Help please - constant current load

Discussion in 'General Electronics Chat' started by dmanoukis, Jul 10, 2014.

  1. dmanoukis

    Thread Starter New Member

    May 29, 2009
    Hi all,

    I have read more info than I care to admit on constant loads - and am just as lost as I was at the start. my question is:

    I need to create a 400V DC or less constant current load capable of loads up to 2A. Is there a MOSFET that anyone can recommend and are there any reference designs I could use to help plan this out and allow me to rate the components properly.

    Thanks for any suggestions,
  2. MikeML

    AAC Fanatic!

    Oct 2, 2009
    How do you propose to get rid of 800W of heating?
  3. dmanoukis

    Thread Starter New Member

    May 29, 2009
    Thanks for the quick reply :)

    I was thinking / testing using ceramic based resistors in a TO-220 style package attached to a copper water cooled heat sink.... overkill or do you think it would be sufficient?
  4. crutschow


    Mar 14, 2008
    I think Mike was referring to the maximum heat dissipated in the constant-current control element.

    What are the power resistors for? :confused:
  5. dmanoukis

    Thread Starter New Member

    May 29, 2009
    sorry.
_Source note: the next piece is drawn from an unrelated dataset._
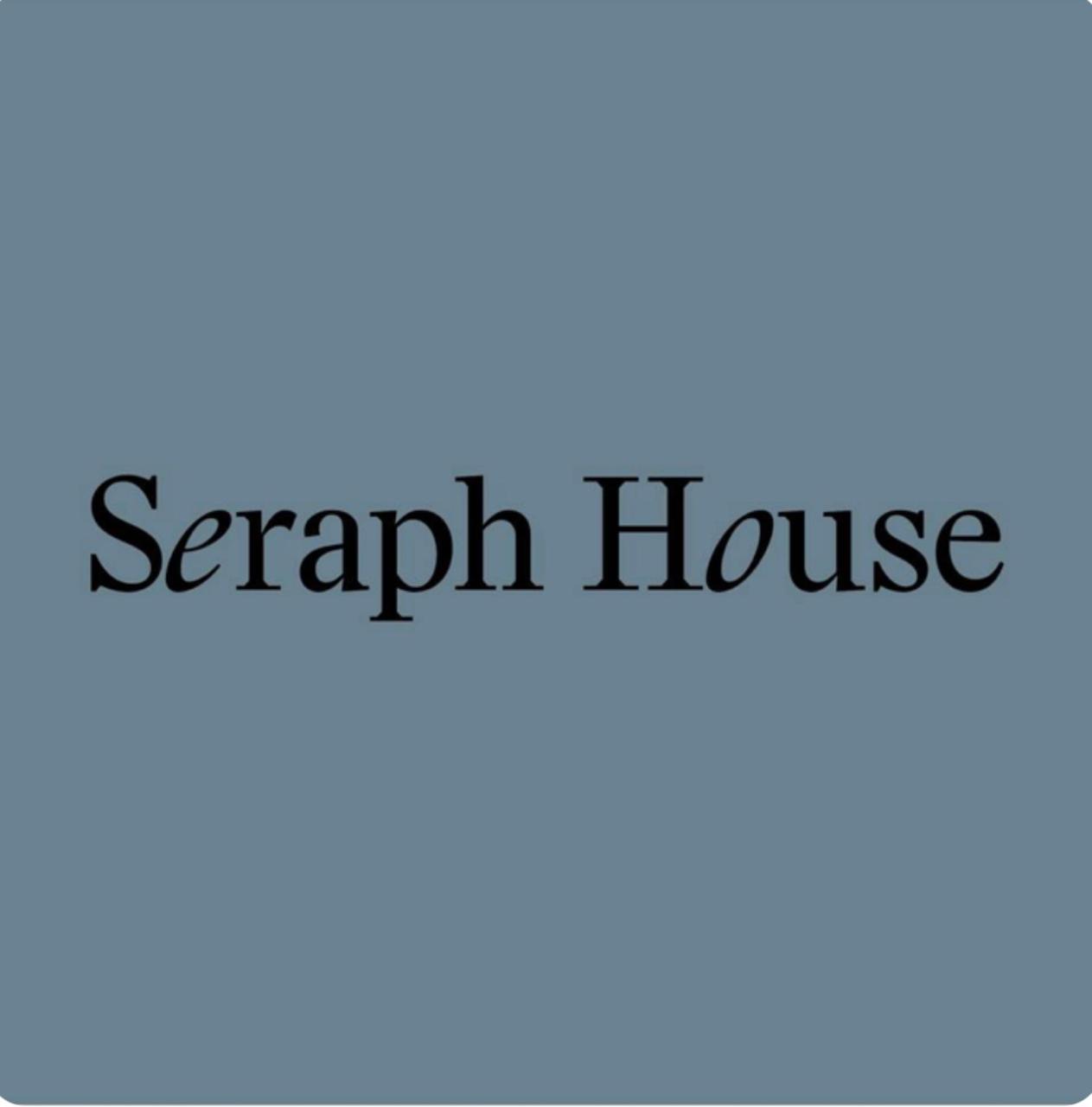 Seraph House, York — photo 10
I misunderstood the question. would still planning on using the water cooled heat sink with FET's in parallel connected to a Arduino driven PWM output.... But to be honest I am fishing here. I am not sure if this is realistic or the best way to do this...
  6. Sensacell

    Well-Known Member

    Jun 19, 2012
    Seems reasonable, but I don't see where the PWM fits in? Why not just go linear, the whole point is to waste power, a simple brute-force linear design is all you need.

    If you need digital control, add a DAC to command the current level.
    (or you could just filter a PWM signal to get a DC command voltage... )

    The starting point should be a specification for the range of voltages and current levels you see this device handling, as well as accuracy and load step response time. If the I/V range is narrow, it will simplify the design a bit: you can have fixed resistors dissipating most of the power, rather than big expensive FETs.
  7. THE_RB

    AAC Fanatic!

    Feb 11, 2008
    800v 5A and 7A N-channel FETs (TO-220 pack) are very common and cheap now and are used in SMPS's everywhere.

    Just check the suppliers for FETs that roughly match those specs and have good stock quantities and low prices. They will be the common ones the manufacturers are using.
  8. ronv

    AAC Fanatic!

    Nov 12, 2008
    Your problem is you need to dissipate 800 watts (400v @ 2 amps) someplace. It can be in resistors or FETs - probably about the same cost. Your in to a couple hundred dollars. Is this a price your interested in? I've helped people with a couple of these using copper pipe with water running thru it. Would that work for you?